L’apnea si verifica invece quando la via di transito dell’aria si chiude completamente: il paziente in questi casi compie degli sforzi inspiratori, resi inefficaci dall’ostruzione, che possono durare parecchi secondi, spesso angoscianti per i genitori (il russare e l’apnea riguardano anche i bambini) o il partner, e portare a gravi diminuzioni della concentrazione di ossigeno nel sangue.

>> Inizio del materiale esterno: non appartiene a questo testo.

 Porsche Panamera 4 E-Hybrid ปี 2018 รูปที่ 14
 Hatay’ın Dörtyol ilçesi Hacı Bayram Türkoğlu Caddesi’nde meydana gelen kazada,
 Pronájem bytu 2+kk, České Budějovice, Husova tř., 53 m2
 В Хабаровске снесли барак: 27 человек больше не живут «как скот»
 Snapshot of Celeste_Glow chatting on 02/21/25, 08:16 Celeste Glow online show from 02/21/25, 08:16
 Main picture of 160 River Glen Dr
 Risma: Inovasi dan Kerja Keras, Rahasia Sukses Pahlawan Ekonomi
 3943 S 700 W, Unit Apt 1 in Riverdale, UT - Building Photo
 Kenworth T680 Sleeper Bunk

Le terapie tradizionalmente impiegate sono la ventilazione notturna a mezzo di mascherina (collegata a una pompa a pressione continua), la tonsillectomia specie nei bambini, la plastica del palato e altri interventi chirurgici più aggressivi nell’adulto. Si sono però dimostrati efficaci anche i così detti «Oral Devices«apnea», dispositivi intra-orali da portare durante il sonno che, riposizionando la mandibola, allontanano la lingua dalla parete faringea contro la quale tenderebbe a collassare negli episodi di apnea. Tale opzione terapeutica risulta spesso agevole, incruenta ed è solitamente ben accetta al paziente, in particolare nel bambino, in alternativa all’adeno-tonsillectomia.

Per questo, oltre al tradizionale consulto con otorinorlaringoiatra e pneumologo, è bene consultare anche un dentista esperto in problemi respiratori e nel sonno.

  • 01 Mar 2012 - 04:00
commenti
08:25 Raica Rossi Sono scioccata, traumatizzata e profondamente addolorata per la perdita improvvisa e totalmente inaspettata del mio adorato babbo. Aveva 69 anni, un fisico da leone, analisi perfette, forza fisica e morale... sempre solare e scherzoso con tutti. Il 9 febbraio 2013 eravamo a casa mia, giocava, scherzava e rideva a crepapelle con il suo unico e amatissimo nipotino Riccardo. Che periodo bellissimo! Poi torna a casa con mamma, vanno a dormire e il mattino del 10 febbraio 2013 il mio babbo non si è più svegliato. Era sul fianco destro in una posizione naturale e il viso sereno. I dottori che lo hanno visitato, erano le ore 11:00/12:00 hanno detto che dovrebbe aver smesso di respirare tra le ore 2:00 e le ore 3:00. Hanno detto che non hanno trovato segni fisici visibili sul suo corpo che possa far pensare ad infarto o ictus... pertanto esclusi... come ipotesi più plausibile ci hanno diagnosticato un'apnea notturna. Non abbiamo la certezza matematica perchè quel giorno non abbiamo voluto fargli fare l'autopsia. Ad oggi credo che abbiamo fatto un grosso errore. Per me era la prima volta che ne sentivo parlare e poi nei giorni a seguire scopro che è un male comune a molti. Molti dei sintomi che ho letto mio padre li aveva. Se di ciò si è trattato, avremmo potuto evitare la morte di mio padre con un semplicissimo esame: il monitoraggio del sonno? Se mio padre avesse sofferto di apnea notturna con quella macchinetta non sarebbe morto? Perchè questa "malattia" non è tanto conosciuta se ne soffre il 4% della popolazione mondiale? Perchè è così sottovalutata anche dai medici se può essere causa di morte?
A volte il grosso dolore si trasforma in rabbia per non aver potuto fare assolutamente nulla per il mio grande babbo Giuseppe Rossi.